El zoom, contenedor, dio cuenta de los rostros, teñidos por contrastes, mezclas del color sangre y su compañero, el color sombra. Manos desnudas, buscando el abrigo del fuego. De las fogatas nacieron palos encendidos y con ellos, dibujando estrellas fugaces en el azul profundo comenzaron las corridas espasmódicas.
Las pantallas atravesaron fuego y escudos, lluvia de camiones hidrantes, cascos y pasamontañas, secuencias de un solo momento, adheridas a gritos lacerantes, a hombres cayendo pisoteados.
Pero la batalla, necesitaba tener tregua para las tandas.

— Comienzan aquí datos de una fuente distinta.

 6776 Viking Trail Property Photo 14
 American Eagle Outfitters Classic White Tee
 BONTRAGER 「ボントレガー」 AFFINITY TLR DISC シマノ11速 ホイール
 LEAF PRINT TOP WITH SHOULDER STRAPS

Las lágrimas arrancadas a la audiencia, fueron lavadas así por el jabón que les dejaba el cutis más blanco. No fueron tenidas en cuenta por el yogurt que los hacía crecer. Por supuesto, las absorbió el pañal que previene los paspados.
La pausa, con un poco de muzzarella chorreando en los dedos de los televidentes, los preparaba para volver a escena.
Esta vez el impacto lo dio una vidriera destrozada a cascotazos. Criaturas y mujeres arrastrando una variedad de mercancías. Un murmullo creciente ocupó cada centímetro de las calles céntricas, hasta darle al rumor el valor de la resistencia.
 La voz del periodista relató en detalle, e indagando notas de color, trazó el despojo de la propiedad privada, el desastre, la zona liberada.
-El seguro no nos cubre ni los destrozos, ni los robos. - dijo el tío del fiscal visiblemente alterado.
-En este descalabro -gritó uno de los comerciantes reunidos en la Cámara- somos las únicas victimas y el culpable, es el gobierno que no le importó un pepino la suerte de nuestros bienes.
-¿Dónde estaban los gendarmes y la policía cuando esos negros villeros destruyeron mi comercio? -manifestó histéricamente una mujer enjoyada, que una lipotimia abandonó en el piso.

-Según mis cuentas -declaró el tío del fiscal- los únicos que se beneficiaron con el testimonio del maquinista fueron todos esos oportunistas que vienen de otros pueblos con un caballete, traen mercadería trucha y no pagan impuestos, porque los que somos gente decente de aquí, hemos perdido más que en una guerra. Yo pregunto: ¿Para que necesitamos Intendente y Concejo Deliberante en la ciudad, si son inútiles e incapaces de defendernos a quiénes les damos de comer?